Il teatro Ditirammu di via Torremuzza, nel quartiere storico della Kalsa, nasce ufficialmente nel 1995: ma la data indica il luogo fisico, la casa-dei-ricordi punto di raccolta di una storia che parte da una famiglia in cui fare arte e condividerla era del tutto normale.
«Era un modo per stare insieme, scandiva la vita perfino in cucina o quando avevamo ospiti. A loro offrivamo questi nostri tesori, quello che avevamo di più bello e di più puro – racconta Vito Parrinello – il canto, la musica, la danza hanno sempre convissuto con la mia famiglia. E ora vivono nei figli miei e di Rosa, Elisa e Giovanni».
Rosa Mistretta, adorata compagna nella vita e sul palcoscenico, non viene da una famiglia di artisti. Ma anche lei il palco l’ha nel sangue: incontra Vito cantando e da quel momento non si separano più. In tutti questi anni hanno ripreso i triunfi, le nenie di Natale, i canti della Settimana Santa, raccolti nel celebre Martoriu. Quelli che vanno in scena sono insieme riti e spettacoli.
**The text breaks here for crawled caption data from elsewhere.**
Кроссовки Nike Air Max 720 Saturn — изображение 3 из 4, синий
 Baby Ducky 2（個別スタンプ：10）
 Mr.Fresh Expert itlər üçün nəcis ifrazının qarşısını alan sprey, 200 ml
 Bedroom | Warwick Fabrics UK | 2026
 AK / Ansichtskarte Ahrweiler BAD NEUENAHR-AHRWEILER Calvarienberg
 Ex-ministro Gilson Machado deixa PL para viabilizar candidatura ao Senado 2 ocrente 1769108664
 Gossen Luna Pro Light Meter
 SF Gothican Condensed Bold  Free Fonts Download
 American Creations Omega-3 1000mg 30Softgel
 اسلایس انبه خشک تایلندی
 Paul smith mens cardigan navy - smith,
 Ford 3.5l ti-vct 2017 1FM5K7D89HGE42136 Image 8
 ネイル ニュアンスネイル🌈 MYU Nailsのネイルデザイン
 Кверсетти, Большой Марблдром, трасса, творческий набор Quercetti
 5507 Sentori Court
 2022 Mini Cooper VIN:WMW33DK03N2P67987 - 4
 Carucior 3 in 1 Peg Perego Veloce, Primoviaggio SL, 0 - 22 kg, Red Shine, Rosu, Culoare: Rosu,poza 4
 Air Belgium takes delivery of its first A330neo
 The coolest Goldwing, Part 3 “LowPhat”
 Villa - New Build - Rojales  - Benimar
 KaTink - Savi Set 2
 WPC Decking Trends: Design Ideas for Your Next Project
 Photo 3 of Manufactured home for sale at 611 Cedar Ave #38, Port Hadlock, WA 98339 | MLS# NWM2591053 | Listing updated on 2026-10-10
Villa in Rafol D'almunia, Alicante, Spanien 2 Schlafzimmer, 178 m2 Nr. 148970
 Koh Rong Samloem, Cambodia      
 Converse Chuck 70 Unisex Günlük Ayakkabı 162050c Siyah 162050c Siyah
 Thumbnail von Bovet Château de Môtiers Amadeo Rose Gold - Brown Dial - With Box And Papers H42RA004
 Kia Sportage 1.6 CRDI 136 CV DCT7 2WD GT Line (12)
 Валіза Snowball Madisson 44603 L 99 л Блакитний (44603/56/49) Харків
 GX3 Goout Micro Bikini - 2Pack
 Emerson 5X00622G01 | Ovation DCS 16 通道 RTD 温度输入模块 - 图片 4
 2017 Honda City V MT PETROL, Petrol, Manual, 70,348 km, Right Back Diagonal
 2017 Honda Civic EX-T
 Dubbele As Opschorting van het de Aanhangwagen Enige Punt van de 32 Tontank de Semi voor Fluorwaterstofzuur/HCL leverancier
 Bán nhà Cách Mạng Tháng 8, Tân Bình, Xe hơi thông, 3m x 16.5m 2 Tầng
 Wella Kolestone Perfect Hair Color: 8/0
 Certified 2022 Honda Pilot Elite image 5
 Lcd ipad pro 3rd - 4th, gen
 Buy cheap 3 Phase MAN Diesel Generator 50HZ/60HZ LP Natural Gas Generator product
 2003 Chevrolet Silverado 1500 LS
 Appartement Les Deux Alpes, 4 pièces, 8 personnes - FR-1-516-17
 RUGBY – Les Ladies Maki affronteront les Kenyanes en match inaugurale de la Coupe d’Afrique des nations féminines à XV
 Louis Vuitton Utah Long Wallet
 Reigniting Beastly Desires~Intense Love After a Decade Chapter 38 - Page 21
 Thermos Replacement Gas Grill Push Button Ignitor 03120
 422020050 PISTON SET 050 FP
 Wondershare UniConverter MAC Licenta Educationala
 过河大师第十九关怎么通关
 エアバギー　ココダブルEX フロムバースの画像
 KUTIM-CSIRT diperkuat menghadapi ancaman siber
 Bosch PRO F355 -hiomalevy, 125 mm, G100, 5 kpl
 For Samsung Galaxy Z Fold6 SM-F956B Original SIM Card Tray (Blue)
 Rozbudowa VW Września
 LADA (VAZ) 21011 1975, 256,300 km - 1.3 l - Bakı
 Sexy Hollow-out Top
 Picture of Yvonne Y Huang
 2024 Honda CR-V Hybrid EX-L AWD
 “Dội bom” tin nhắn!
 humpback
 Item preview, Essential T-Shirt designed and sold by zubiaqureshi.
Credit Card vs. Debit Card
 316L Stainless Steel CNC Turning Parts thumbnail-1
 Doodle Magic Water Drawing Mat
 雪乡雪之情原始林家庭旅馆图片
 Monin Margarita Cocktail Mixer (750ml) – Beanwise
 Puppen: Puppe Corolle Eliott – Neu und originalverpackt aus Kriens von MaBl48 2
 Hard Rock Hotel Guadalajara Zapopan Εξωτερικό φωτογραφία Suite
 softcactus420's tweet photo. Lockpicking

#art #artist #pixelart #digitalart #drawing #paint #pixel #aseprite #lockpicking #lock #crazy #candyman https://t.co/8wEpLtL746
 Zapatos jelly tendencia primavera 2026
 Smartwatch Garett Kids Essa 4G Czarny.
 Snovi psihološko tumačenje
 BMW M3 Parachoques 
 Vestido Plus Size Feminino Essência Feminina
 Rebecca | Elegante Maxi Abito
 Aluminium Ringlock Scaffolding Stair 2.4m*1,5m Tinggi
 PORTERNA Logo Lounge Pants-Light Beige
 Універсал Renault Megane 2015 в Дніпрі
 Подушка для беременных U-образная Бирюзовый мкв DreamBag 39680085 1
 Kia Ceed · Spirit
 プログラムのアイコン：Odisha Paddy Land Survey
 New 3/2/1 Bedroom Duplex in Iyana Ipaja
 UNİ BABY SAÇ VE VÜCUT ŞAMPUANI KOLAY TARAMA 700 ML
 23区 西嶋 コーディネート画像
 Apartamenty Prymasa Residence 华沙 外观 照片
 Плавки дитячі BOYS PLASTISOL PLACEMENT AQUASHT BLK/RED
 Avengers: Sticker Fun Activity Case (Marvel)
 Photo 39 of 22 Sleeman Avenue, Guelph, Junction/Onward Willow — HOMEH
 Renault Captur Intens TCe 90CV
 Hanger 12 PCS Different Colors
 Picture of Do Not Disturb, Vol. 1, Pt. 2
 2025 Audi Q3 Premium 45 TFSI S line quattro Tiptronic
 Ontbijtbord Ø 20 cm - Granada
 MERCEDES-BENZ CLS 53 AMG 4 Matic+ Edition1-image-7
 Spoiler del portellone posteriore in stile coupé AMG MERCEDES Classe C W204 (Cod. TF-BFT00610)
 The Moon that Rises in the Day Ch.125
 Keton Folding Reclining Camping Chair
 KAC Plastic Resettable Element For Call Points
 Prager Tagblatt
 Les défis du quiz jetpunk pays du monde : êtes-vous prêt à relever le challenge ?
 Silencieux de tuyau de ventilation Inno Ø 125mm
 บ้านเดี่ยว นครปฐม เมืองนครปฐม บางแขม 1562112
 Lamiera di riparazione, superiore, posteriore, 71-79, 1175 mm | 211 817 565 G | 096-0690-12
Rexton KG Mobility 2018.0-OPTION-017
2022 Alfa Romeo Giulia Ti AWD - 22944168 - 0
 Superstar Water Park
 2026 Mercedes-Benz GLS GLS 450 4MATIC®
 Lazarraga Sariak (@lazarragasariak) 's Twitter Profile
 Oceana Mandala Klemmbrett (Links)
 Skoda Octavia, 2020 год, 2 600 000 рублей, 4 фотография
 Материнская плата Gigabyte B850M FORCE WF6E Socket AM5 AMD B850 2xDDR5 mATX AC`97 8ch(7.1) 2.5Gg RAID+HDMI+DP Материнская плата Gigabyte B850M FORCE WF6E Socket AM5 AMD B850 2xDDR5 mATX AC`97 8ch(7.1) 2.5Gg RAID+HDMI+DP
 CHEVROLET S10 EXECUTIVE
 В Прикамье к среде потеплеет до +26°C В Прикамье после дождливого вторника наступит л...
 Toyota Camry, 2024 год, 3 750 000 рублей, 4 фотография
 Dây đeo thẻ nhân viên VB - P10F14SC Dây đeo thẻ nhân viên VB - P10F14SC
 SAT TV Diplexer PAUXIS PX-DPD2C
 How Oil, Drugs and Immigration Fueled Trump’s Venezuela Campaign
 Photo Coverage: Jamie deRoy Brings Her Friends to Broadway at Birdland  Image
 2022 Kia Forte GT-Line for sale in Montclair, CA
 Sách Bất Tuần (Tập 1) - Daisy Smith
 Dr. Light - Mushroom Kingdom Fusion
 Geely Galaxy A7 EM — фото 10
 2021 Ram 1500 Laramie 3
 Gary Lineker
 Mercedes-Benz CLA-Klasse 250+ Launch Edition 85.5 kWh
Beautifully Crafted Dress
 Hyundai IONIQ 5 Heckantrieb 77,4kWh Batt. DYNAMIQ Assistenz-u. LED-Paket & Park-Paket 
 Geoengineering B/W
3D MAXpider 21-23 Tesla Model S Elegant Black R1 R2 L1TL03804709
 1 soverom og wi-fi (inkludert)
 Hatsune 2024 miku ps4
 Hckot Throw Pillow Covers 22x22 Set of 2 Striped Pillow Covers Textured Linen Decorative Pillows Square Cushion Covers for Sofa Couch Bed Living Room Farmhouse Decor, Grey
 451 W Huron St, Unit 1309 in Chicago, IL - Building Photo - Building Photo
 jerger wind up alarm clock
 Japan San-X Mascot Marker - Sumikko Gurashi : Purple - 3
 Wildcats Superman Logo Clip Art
Sul sito manca l’edizione 2013 di Martoriu. E fa impressione: sì, la parola giusta è questa. Non è una dimenticanza del webmaster, è (molto più tristemente) una mancanza di fondi. E per la stessa ragione, nelle scorse settimane, il Ditirammu ha organizzato una vendita dei costumi di scena per raccogliere i soldi dell’affitto e per fare un altro spettacolo. In vendita ci sono anche i due vestiti di Nicù, storico personaggio di Elisa e della sua ludoteca, che da anni accompagna i bambini nel mondo delle fiabe. Li hanno comprati entrambe le mamme: Nicù non può uscire dalla sua casa e vagare disperata in cerca di ricovero, dopo avere dato una casa a tanti.
Il rischio è che anche il Ditirammu chiuda i battenti, e che i ricordi e le memorie di una città vaghino fino a dissolversi, perché nessuno più li ricorda. E fa impressione.